One Saturday night Peter’s mother announced she was taking us to the drive in cinema to see a spy film. Fantastic, we thought. Derek Flint or Harry Palmer or, dare we be so lucky James Bond.
Imagine if you will , the horror of two eight year old boys on discovering that the promised spy movie did not star some hairy chested tough guy but a saccharin sweet blond bimbo called Doris Day and a short arse aussie called Rod Taylor (who was actually brilliant in The Dark of the Sun). And to top it all the film was called “The Spy in Lace Panties” eeyuck!!!
In homage to all the hairy chested tough guys – here is “A Spycar in Boxer Shorts”

Yes, while Malcolm has been replacing fuel tanks and differentials ROJ has been stripped, sand blasted, angle grinded, whacked, welded, sworn at, whacked and welded some more, stregnthened, straightened, zinc coated and hammerite coated, undersealed and oiled until you see before you the Terminator of Aston Martin chassis. This car will never rust again!

..looks more like a prototype Batmobile than Bond-mobile


I think i’ve got enough exhaust pipes now – including the new SS ones in the barn.

…Ah yes, a body should fit in here nicely!
In a previous entry I mentioned the problem with rusty bolts and screws – many of which broke while trying to remove them. The most troublesome was the wishbone bolt that sheared off

Malcolm had a whizzo idea – weld a head back onto the stub and then turn it out. 
A far more ambitious trick than I would have attempted, and one from a person who certainly does not lack confidence in his own artistry!

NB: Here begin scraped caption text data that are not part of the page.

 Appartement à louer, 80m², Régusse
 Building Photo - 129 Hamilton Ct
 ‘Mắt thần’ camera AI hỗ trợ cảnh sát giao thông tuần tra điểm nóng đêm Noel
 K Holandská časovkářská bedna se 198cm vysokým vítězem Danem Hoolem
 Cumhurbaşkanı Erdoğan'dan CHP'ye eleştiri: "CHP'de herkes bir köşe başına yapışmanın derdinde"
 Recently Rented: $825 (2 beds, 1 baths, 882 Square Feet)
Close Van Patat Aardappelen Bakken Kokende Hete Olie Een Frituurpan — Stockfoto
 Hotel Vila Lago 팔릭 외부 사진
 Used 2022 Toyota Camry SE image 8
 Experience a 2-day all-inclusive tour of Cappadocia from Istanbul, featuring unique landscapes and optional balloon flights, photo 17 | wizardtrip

When we first fired up ROJ the fuel we put in went straight through the holes in the bottom of the tank (at a £ a litre I was on hands and knees soaking it up witrh a sponge!) Note the brand new tank behind the car.
So there we have it – all ready to start bolting the oily bits back on. In the front view you will see I have left the corner of the front chassis member unpainted – this is because the chassis number is stamped there – a photo of which will go into the restoration record with the concurrent engine number.
Later this month we are off to Santa Pod to watch fellow Aston Martin club members race their cars – next year perhaps ROJ will be among them.
Sadly My friend Peter Harthoorn died in his early thirties. He was remembered in a piece of music ‘Elegy for Peter Harthoorn’ by Australian composer Carl Vine.